Die arme Charlie Simpson – wie hij dan ook mocht zijn. Stapel op een of ander meisje, dacht Barry. Zelf was hij verkikkerd geweest op een leerling-verpleegkundige. Hij deed zijn ogen dicht en haalde zich haar groene ogen, kastanjebruine haar en slanke figuurtje voor de geest. Hij dacht aan de avonden op de achterbank van Brunhilde, waarbij de raampjes door de condens van hun adem beslagen waren geweest. Aan de stiekeme bezoekjes aan zijn kamer, de zoetheid en de zachtheid… en het knagende gevoel van leegte toen ze hem op zakelijke toon – alsof ze bij de slager een pond bacon bestelde – had meegedeeld dat ze met een chirurg ging trouwen. Zes maanden geleden. Het stak hem nog steeds.

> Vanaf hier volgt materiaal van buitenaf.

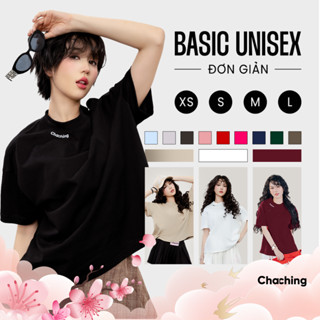   13 Màu Hot Trend  Áo Thun Nam Nữ ChaChing Áo Thun Local Brand Basic Form Boxy Cổ Tròn Áo Phông Unisex Basic 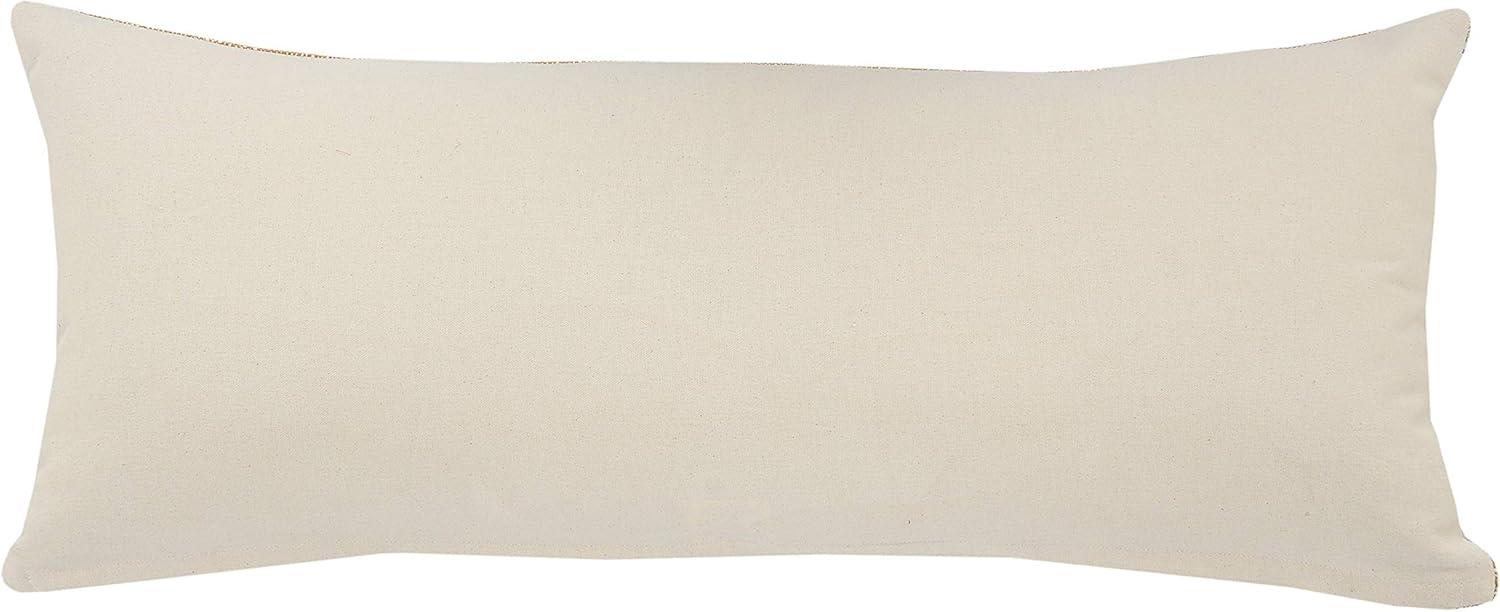 Ox Bay Eli 14" x 36" Multicolor Shag Striped Cotton Adult Decorative Lumbar Throw Pillow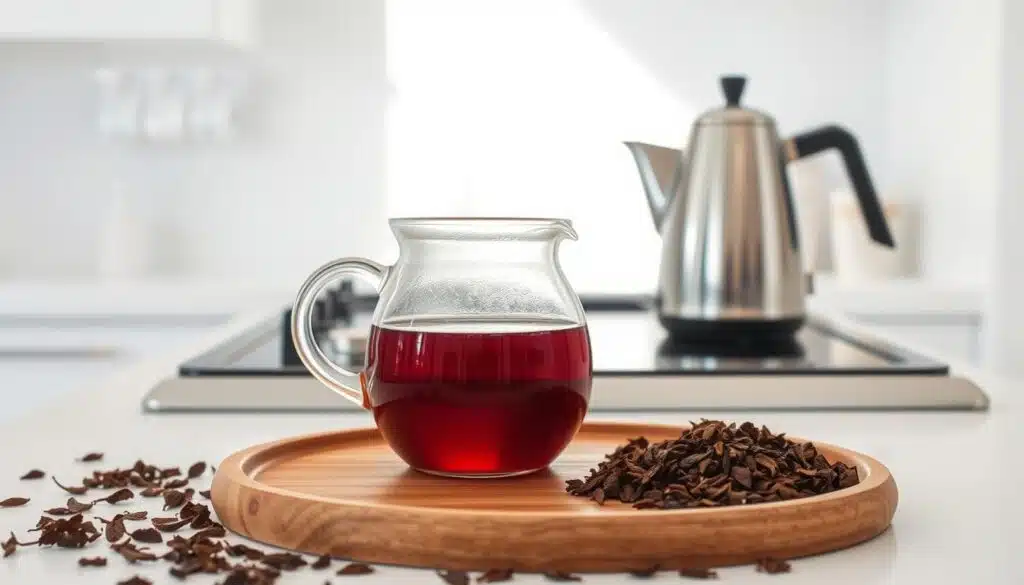 Rooibos Tea Brewing Process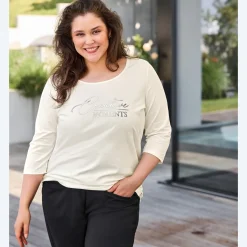 Damen NKD Damen-Langarmshirt mit Druck, große Größen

‘Het zou haar verdiende loon zijn als ze aan Charlie vast blijft zitten. Hij is zo stom als het achtereind van een varken.’

Barry wenste dat de jonge vrouw haar snater zou houden, want ze had een vlijmscherpe stem.

De andere vrouw grinnikte. Ze had een diepe, resonerende lach. Barry keek even haar kant op. Haar zwarte haar glansde als dat van een gezond huisdier. Haar gezicht was sterk, met een ferme kin en volle lippen die lichtroze waren gestift. Slavische jukbeenderen. Donkere, iets omhooglopende, gloeiende en onpeilbare ogen – even warm als goed gepoetst mahoniehout. Haar huid was glad en gebruind, en in haar linkerwang verscheen een kuiltje wanneer ze lachte. Met uitzondering van dat kuiltje had ze Audrey Hepburn in My Fair Lady kunnen zijn.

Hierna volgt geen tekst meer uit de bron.